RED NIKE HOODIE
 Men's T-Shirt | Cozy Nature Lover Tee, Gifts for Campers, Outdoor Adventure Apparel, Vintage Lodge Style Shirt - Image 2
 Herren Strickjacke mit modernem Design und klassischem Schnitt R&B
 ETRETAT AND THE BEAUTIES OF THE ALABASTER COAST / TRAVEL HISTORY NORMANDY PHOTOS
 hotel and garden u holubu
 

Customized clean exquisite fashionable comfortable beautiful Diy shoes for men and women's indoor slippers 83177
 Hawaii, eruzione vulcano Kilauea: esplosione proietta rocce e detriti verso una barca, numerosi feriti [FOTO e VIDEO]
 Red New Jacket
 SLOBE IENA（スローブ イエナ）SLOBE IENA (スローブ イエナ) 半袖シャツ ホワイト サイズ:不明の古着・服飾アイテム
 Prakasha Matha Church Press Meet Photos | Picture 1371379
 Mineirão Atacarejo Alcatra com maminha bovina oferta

★ ★ ★ ★ ★ ★ ★

- _WORK INSTRUCTION_: Transcribe the records above exactly, from the opening line down to and including the line with "Hawaii, eruzione vulcano".

- _ANSWER BOX_:
RED NIKE HOODIE
 Men's T-Shirt | Cozy Nature Lover Tee, Gifts for Campers, Outdoor Adventure Apparel, Vintage Lodge Style Shirt - Image 2
 Herren Strickjacke mit modernem Design und klassischem Schnitt R&B
 ETRETAT AND THE BEAUTIES OF THE ALABASTER COAST / TRAVEL HISTORY NORMANDY PHOTOS
 hotel and garden u holubu
 

Customized clean exquisite fashionable comfortable beautiful Diy shoes for men and women's indoor slippers 83177
 Hawaii, eruzione vulcano Kilauea: esplosione proietta rocce e detriti verso una barca, numerosi feriti [FOTO e VIDEO]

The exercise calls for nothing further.